» **TRY IT**:
Find the line below with "Uradi sama: Fiksator" and the line with "800 Weatherly Dr, Clarksville, TN". Output them and the lines between, exactly, but not the pictures.

» **DATA TO EXAMINE**:
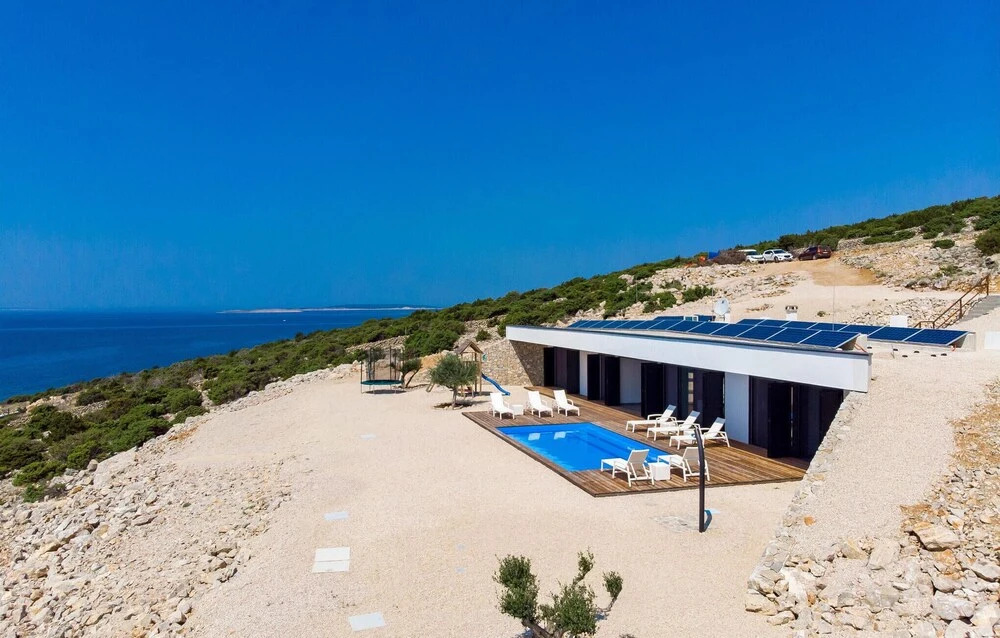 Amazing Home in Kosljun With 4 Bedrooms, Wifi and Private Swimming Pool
==
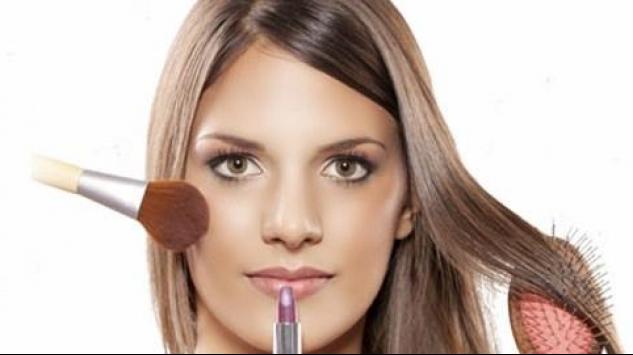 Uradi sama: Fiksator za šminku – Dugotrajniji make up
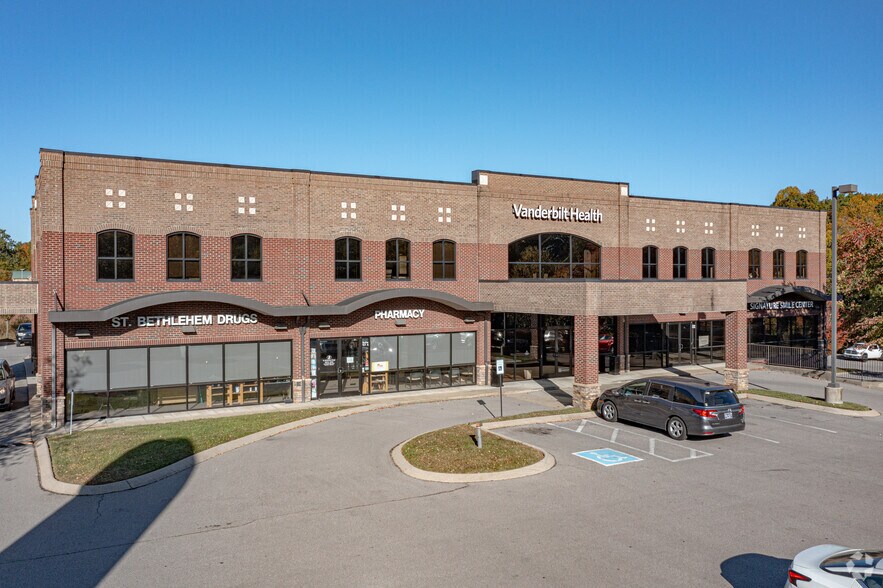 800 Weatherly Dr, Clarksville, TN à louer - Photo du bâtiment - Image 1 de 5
...
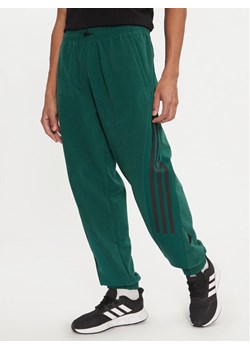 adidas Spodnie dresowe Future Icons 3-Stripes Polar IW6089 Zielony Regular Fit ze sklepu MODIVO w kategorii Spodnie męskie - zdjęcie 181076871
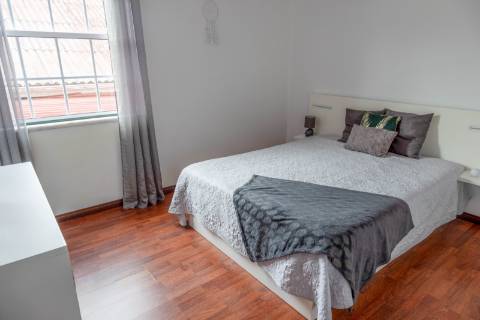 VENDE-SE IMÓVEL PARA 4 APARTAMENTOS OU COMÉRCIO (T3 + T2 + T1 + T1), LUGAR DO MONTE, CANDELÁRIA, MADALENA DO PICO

» **ANSWER BOX**:
 Uradi sama: Fiksator za šminku – Dugotrajniji make up
 800 Weatherly Dr, Clarksville, TN à louer - Photo du bâtiment - Image 1 de 5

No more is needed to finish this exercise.